DIRECTIONS FOR THIS TASK:
Could you give the entries back exactly as they stand, minus any pictures?

[Opening INPUT RECORDS section]

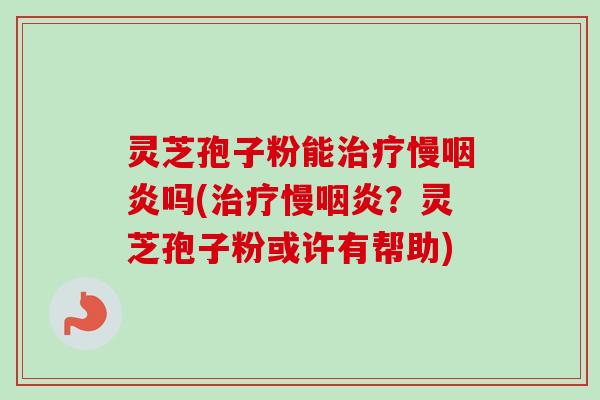 灵芝孢子粉能治疗慢咽炎吗(治疗慢咽炎?灵芝孢子粉或许有帮助)-第1张图片-卓越灵芝孢子粉 灵芝孢子粉能治疗慢咽炎吗(治疗慢咽炎?灵芝孢子粉或许有帮助)-第1张图片-卓越灵芝孢子粉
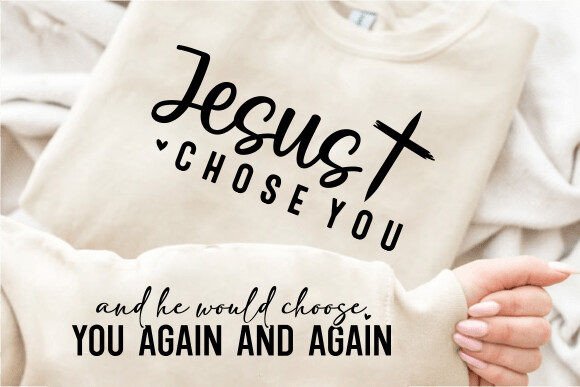 Jesus Chose You Sleeve Print Sweatshirt (up to 5X)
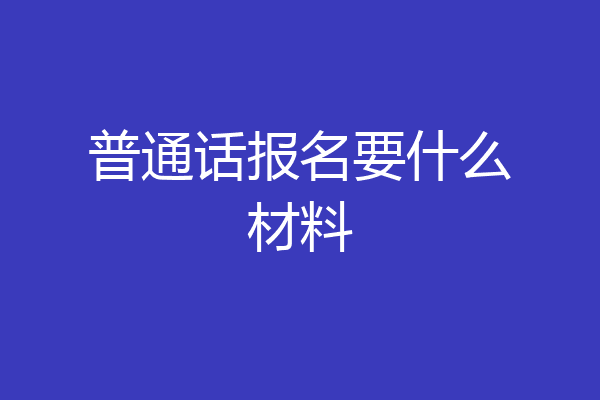 普通话报名要什么材料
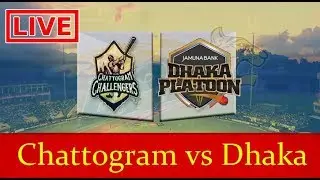 BPL Live | Chattogram Challengers vs Dhaka Platoon, 12th Match - Live Cricket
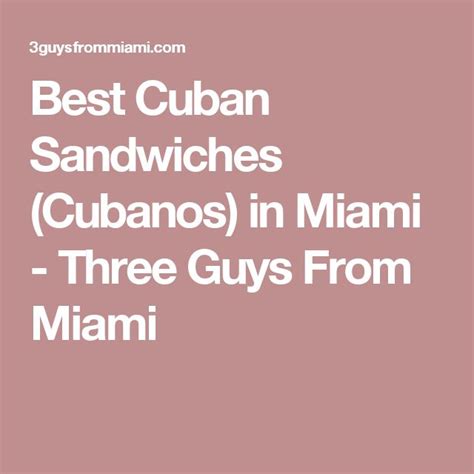 Best Cuban Sandwiches In Miami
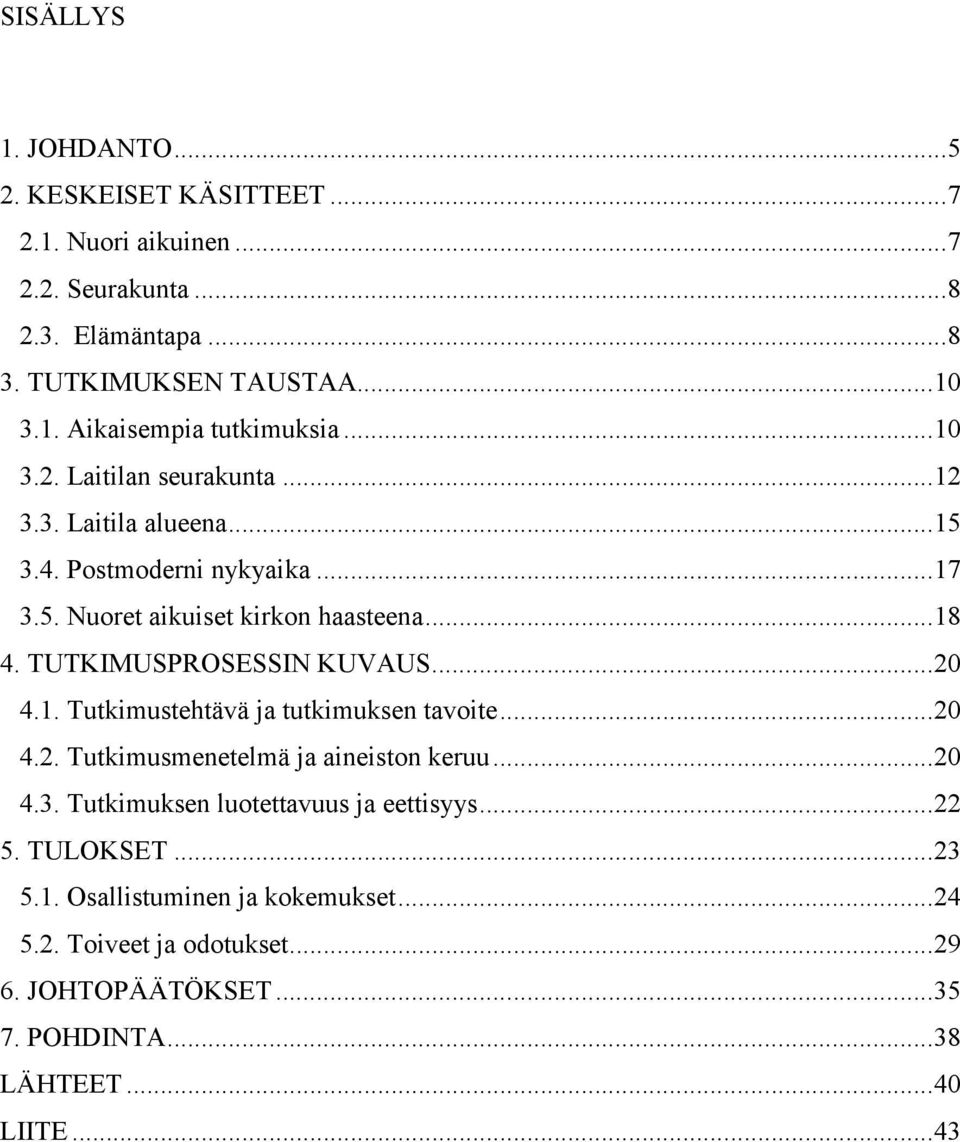 TUTKIMUSPROSESSIN KUVAUS...20 4.1. Tutkimustehtävä ja tutkimuksen tavoite...20 4.2. Tutkimusmenetelmä ja aineiston keruu...20 4.3.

[Closing INPUT RECORDS section]

OUTPUT FOR THIS EXERCISE:
 灵芝孢子粉能治疗慢咽炎吗(治疗慢咽炎?灵芝孢子粉或许有帮助)-第1张图片-卓越灵芝孢子粉 灵芝孢子粉能治疗慢咽炎吗(治疗慢咽炎?灵芝孢子粉或许有帮助)-第1张图片-卓越灵芝孢子粉
 Jesus Chose You Sleeve Print Sweatshirt (up to 5X)
 普通话报名要什么材料
 BPL Live | Chattogram Challengers vs Dhaka Platoon, 12th Match - Live Cricket
 Best Cuban Sandwiches In Miami
 TUTKIMUSPROSESSIN KUVAUS...20 4.1. Tutkimustehtävä ja tutkimuksen tavoite...20 4.2. Tutkimusmenetelmä ja aineiston keruu...20 4.3.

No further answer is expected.